DATA SECTION =
= Beginning of Section =

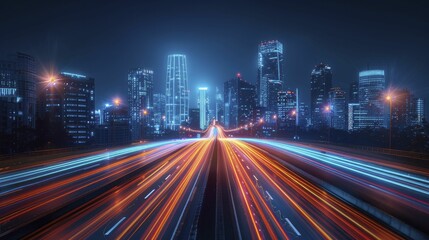 Dynamic Digital Highways - High speed light trails represent data flowing through a futuristic city at night.
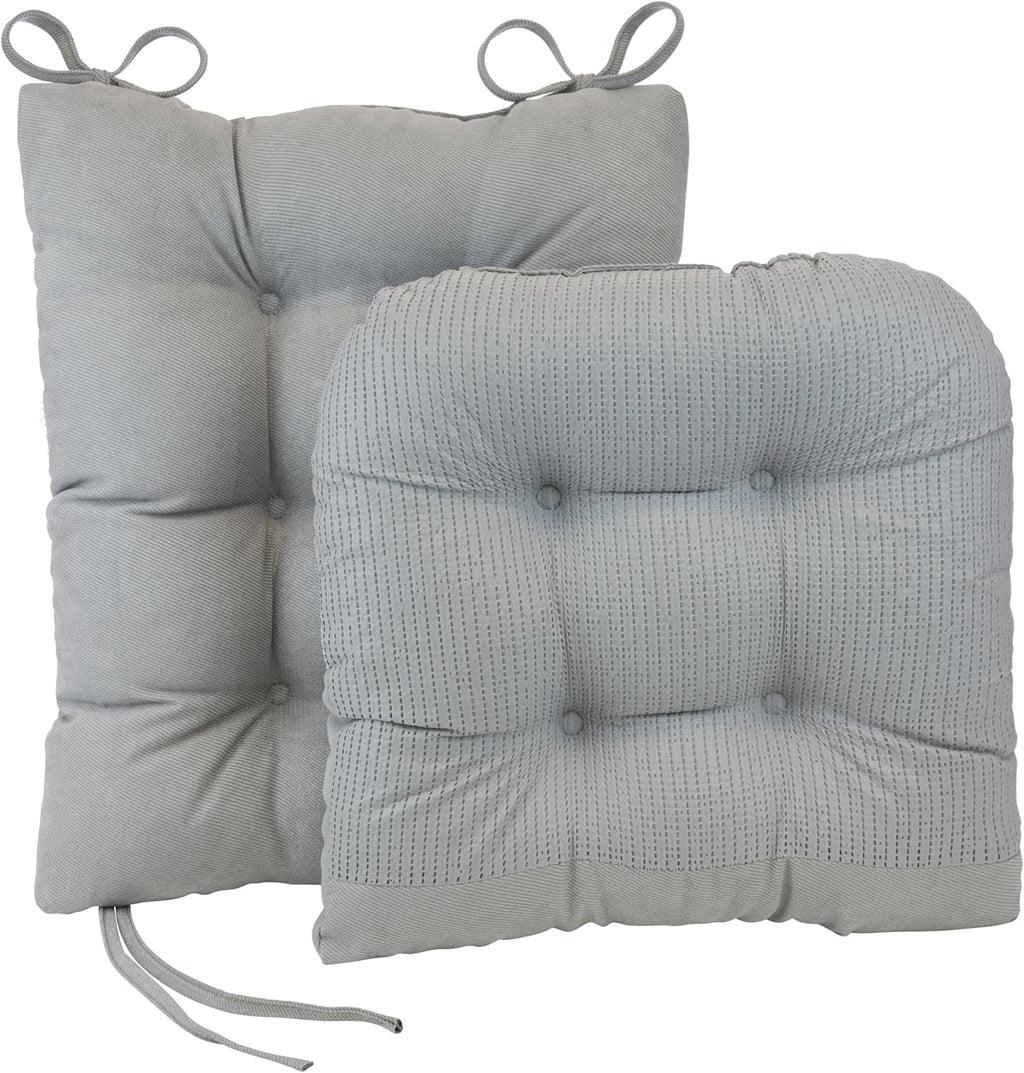 Klear Vu Omega Non-Slip Rocking Chair Cushion Set, Assembled in USA, Thick Padding & Tufted Design, Includes Seat Pad & Back Pillow with Ties, 17x17 Inches, 2-Piece Set, Twillo Gray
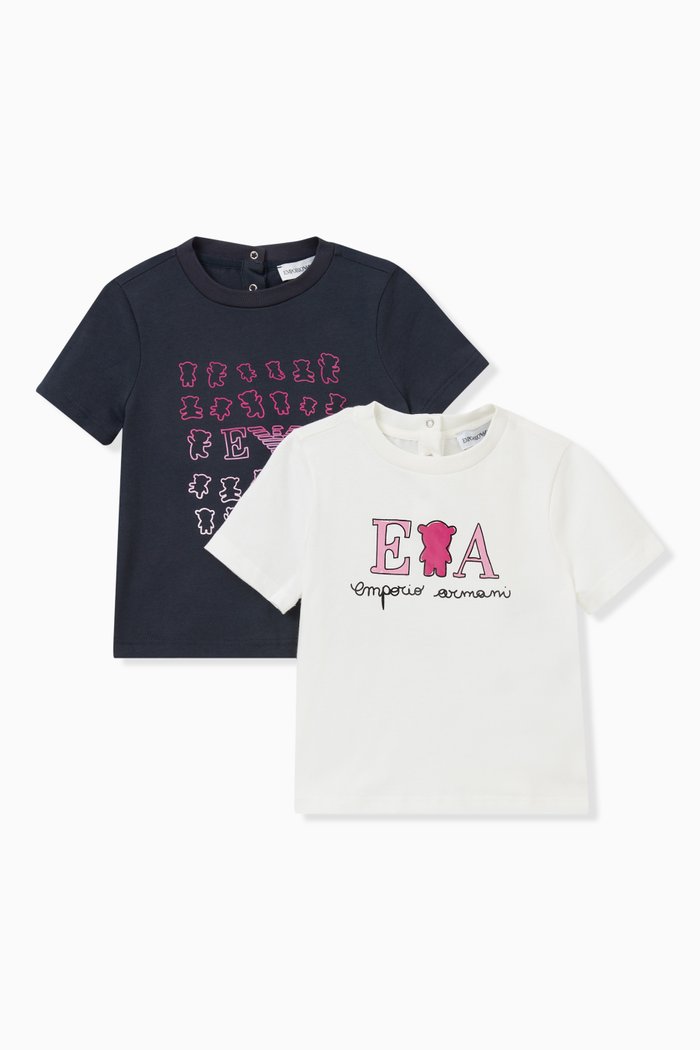 

Manga Bear Logo T-shirt in Cotton Jersey, Set of 2, White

= End of Section =

TASK REQUIREMENTS = Print the material word for word without images.

EXERCISE ANSWER =
 Dynamic Digital Highways - High speed light trails represent data flowing through a futuristic city at night.
 Klear Vu Omega Non-Slip Rocking Chair Cushion Set, Assembled in USA, Thick Padding & Tufted Design, Includes Seat Pad & Back Pillow with Ties, 17x17 Inches, 2-Piece Set, Twillo Gray

Manga Bear Logo T-shirt in Cotton Jersey, Set of 2, White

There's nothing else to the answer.